Entries provided
*** Block opens ***

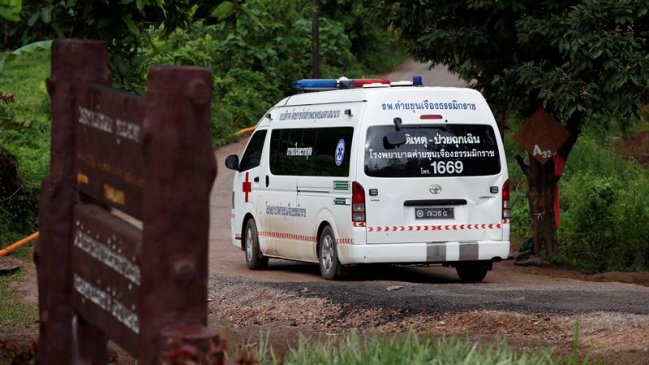 Tailandia: Ya son ocho los niños rescatados y se espera terminar proceso este martes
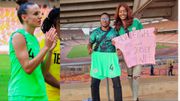 Ashley Plumpeter: Un hombre casado y su esposa agradecen a la estrella de los Super Falcons por la camiseta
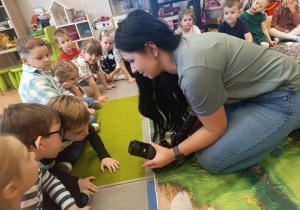 Poznajemy tajniki zawodu fotografa, czyli wizyta mamy Tymoteuszka i jesienna sesja fotograficzna w gr. XII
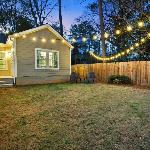 Separate fenced yard Kng bed Workspace w/monitor Georgia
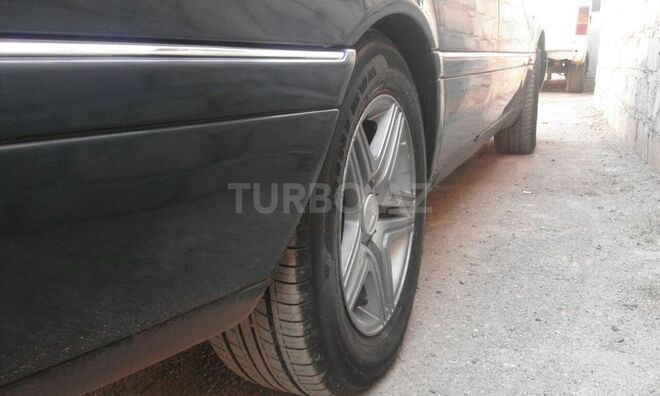 Mercedes C 200 1995, 250,000 km - 2.0 л - Gəncə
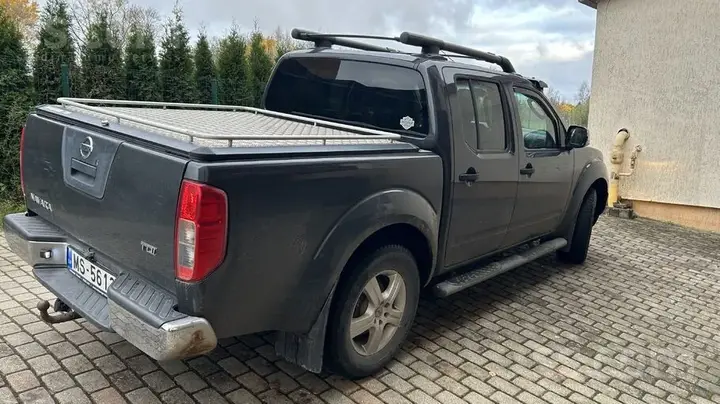 Nissan Navara 2007 photo 3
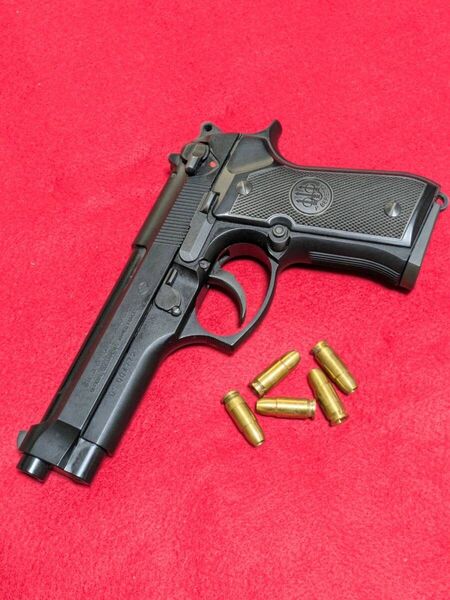 MGC製 ベレッタ M92FS 【HW】ヘビーウェイトモデルガン カートリッジ付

*** Block closes ***

Task requirements
Set down the line containing "Nissan Navara 2007 photo 3", then every later line through the end of the material, exactly as written; omit any picture.

Answer space
 Nissan Navara 2007 photo 3
 MGC製 ベレッタ M92FS 【HW】ヘビーウェイトモデルガン カートリッジ付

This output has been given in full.